Tout est simple. Un ordre profond, à peine visible, et la prodigieuse liberté du cœur. Aucune erreur, aucune hésitation apparente : l’esprit qui a conçu cela s’est totalement effacé derrière son œuvre.Et l’utilisation de la moindre pierre. La très longue patience alliée à l’inspiration du moment.
Midi. Le bruit de la vague et le silence, l’ombre épaulant la lumière, j’ai soudain l’impression que le phare est fondé sur leur équilibre. Et chaque geste le dresse un peu plus.
C’est fragile une rencontre d’oiseaux. Il faut soi-même être invisible là-dedans. et présent pour lancer la ronde.

Toutes les lueurs du jour, qui tournent et volent dans l’air léger de l’escalier, est-ce qu’elles ne se retrouvent pas au soir, dans la couronne de flammes secrètes du foyer ?A la lucarne près de laquelle je travaille aujourd’hui, on voit l’horizon partager exactement le ciel et la mer.

Le soir. Tout notre travail est pour l’horizon. Cette lente avalanche de la lumière vers le haut, les prismes la cassent durement, la renvoient au large.
Moi j’ai besoin de lumière, je suis affamé de lumière. Les murs, les cuivres. Par quelle roue d’un moulin secret devrai-je moi aussi passer ?

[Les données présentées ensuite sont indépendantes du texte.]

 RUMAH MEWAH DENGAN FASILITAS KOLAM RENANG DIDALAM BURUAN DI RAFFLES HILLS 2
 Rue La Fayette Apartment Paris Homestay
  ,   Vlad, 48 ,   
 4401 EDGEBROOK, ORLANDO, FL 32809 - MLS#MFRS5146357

J’aurais voulu voir l’homme qui a décidé de cette construction. (Un illuminé, probablement. Mais on dit qu’il était humble et fort inquiet). Lorsqu’il a connu la nature de la roche, la surface utilisable, je suppose qu’il a su aussitôt quelles seraient la hauteur et la puissance du feu. Il brillait déjà là-haut, pour lui. Il n’y avait plus qu’à bâtir une tour pour le rejoindre. Chaque pierre a été choisie en fonction de cette nécessité. Se liant étroitement les unes aux autres est devenue unique.
Et je crois que la tour se défait un peu chaque jour dans la lumière, qu’elle est reconstruite au soir. Je pense au bruit des sabots dans l’escalier à l’heure de l’allumage.
26 avril.
Nous avons repeint en blanc les mât de pavillon, dérouillé la girouette, répandu du goudron chaud sur la coupole.
En bordure de la coupole, la seule décoration du phare : quatre têtes de lion, qui font office de gargouilles, rejetant l’eau par la gueule. Eau de pluie et eau de mer étroitement mêlées les jours de tempête.
J’ai repeint la longue potence au bout de laquelle passe le câble du va-et-vient. Martin aussi voulait le faire, mais on ne peut y travailler à deux. Nous avons tiré au sort. J’ai gagné. Martin dit : ” Ta chance te perdra”.
a cheval au bout de ce long bras noir, je voyais l’eau filer en dessous, j’avais l’impression de basculer lentement, comme lorsqu’on regarde, allongé dans l’herbe, des nuages passer au ciel, un jour de grand vent.
30 avril.
Nous avons terminé le blanc de la tour aujourd’hui. La face Nord est pénible à peindre. Les cuves à eau de la sirène occupent toute la largeur de la galerie de ce côté. ll faut faire de sérieuses acrobaties pour installer la chaise. Réussir à se poser sur le muretin, en arrivant en bas. Et il n’y a pas de soleil.Mais la mer scintillait un peu plus loin. Des mouettes planaient à notre hauteur, et se laissaient tout à coup tomber comme pierres dans l’eau.
La mer elle-même, la mer se perce de lames vives indéfiniment.
1er mai.
Il nous reste à peindre le nom du phare, tracé en grosses lettres noires sur la tour. Elles on un peu viré au gris au cours de l’hiver. J’ai fait le A, Martin le R, ce R dont il affirme, dans ses jours sombres, qu’il est de trop. Nous avons écrit le M ensemble.